(Task instructions): Every line from the one containing "New 2026 Honda Odyssey Sport-L image 8" through the end of the listing below goes in the output, exactly and without pictures.

(Data excerpt):
----

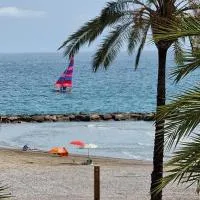 Sueño en el mar, hotel di Benicassim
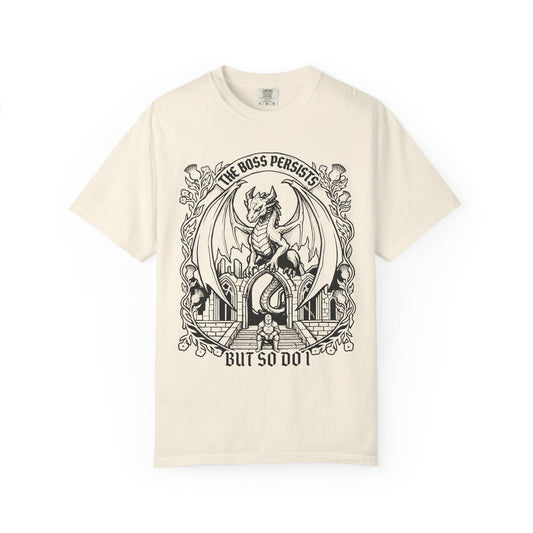Boss Knight T-Shirt
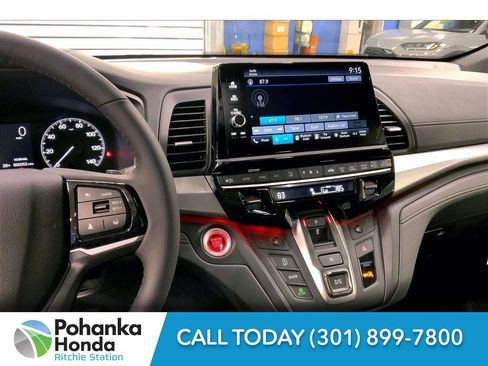 New 2026 Honda Odyssey Sport-L image 8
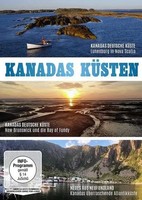 Kanadas KüSten | Rachel Bower | DVD | Deutsch | 2022 | Studio Hamburg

----

(Result):
 New 2026 Honda Odyssey Sport-L image 8
 Kanadas KüSten | Rachel Bower | DVD | Deutsch | 2022 | Studio Hamburg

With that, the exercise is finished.